Sunday, December 12, 2004 2:43:29 PM

Post# of 18564
The "Whoops" Theory - by a kid with crayons:)

I shared in a PM with a friend - my collective thoughts on this "Candle outside the Lower BB bounce theory" that I have gotten all worked up about:) Of course, I have not discovered anything new by any stretch, but with my new found belief that a "single print divergence" is indeed a powerful pre-warning to a directional trend change, along with my new interest in candlesticks - I have decided to "tinker" around in this area a bit and seed where it leads.

Doing back-testing on this theory - I can find very nice moves in the middle of the chart on many, many examples of this set-up. However, the reality is - we trade the right side of the chart - so I decide to try and explain the concept to myself in the simplest way I could come up with. Out came my crayons and here's what I came up with.

I see this as a "WHOOPS" type of move - (silly - but here's the analogy)

My thoughts are that the price needs to close outside the lower BB to be meaningful. I could be wrong - but I'm not sure just a piercing is enough for the bounce.

1). The stock gets a bit exhausted for whatever reason.
2). It gets beaten down on a panic sell-off and closes outside the lower BB.
3).
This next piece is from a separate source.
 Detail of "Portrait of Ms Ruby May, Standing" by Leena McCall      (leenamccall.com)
The market says - whoops - shouldn't have closed outside of the rubber band - need to fix that.
4). Some bottom buying comes in to correct the whoops and the stock makes some gains in order to correct the whoops within a few days.
5). Now that the whoops has been corrected over a day or two - the chart and indicators are starting to look pretty good.
6). Buyers see the stock made some gains for a days or two - which causes some momentum that would not have been there without the whoops.
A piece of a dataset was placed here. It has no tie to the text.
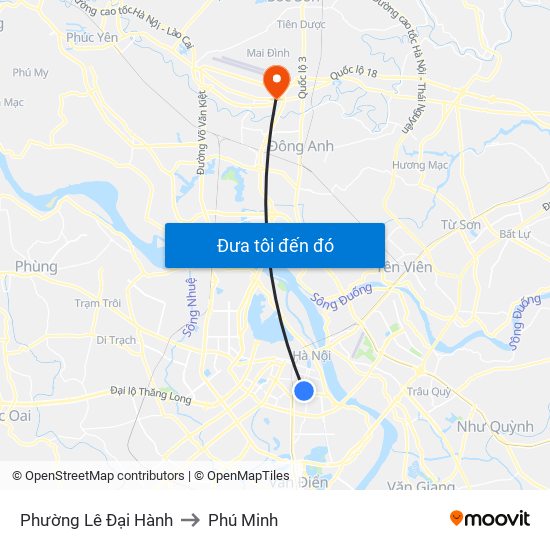 Phường Lê Đại Hành to Phú Minh map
Here's a few things that I feel will disqualify a Whoops Candidate:

1). Volume - There needs to be some volume (duh) to make the move work. Without it - the stock can drift and the BB eases down to meet the price.
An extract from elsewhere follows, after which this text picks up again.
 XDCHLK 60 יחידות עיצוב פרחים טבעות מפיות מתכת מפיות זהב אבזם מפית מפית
2). Trend - It will not work with a stock where the price has been moving down by hugging the lower BB line for any significant time. When it falls out there - I think it is somewhat meaningless.

3). It should be a real stock - I back-tested it on BB's and it seemed to work many times, but they are obviously more risky.

That's about it - nothing concrete or final - but the primitive beginnings of a potential tool to be added to the trading belt.




Going Long on a penny or a pinkie? Bad Choice - but you WILL learn the hard way! Most of the gurus on these message boards don't really have a pot to piss in! Just a lot of membermarks and perhaps a single wide! GOT FRONTLOADED?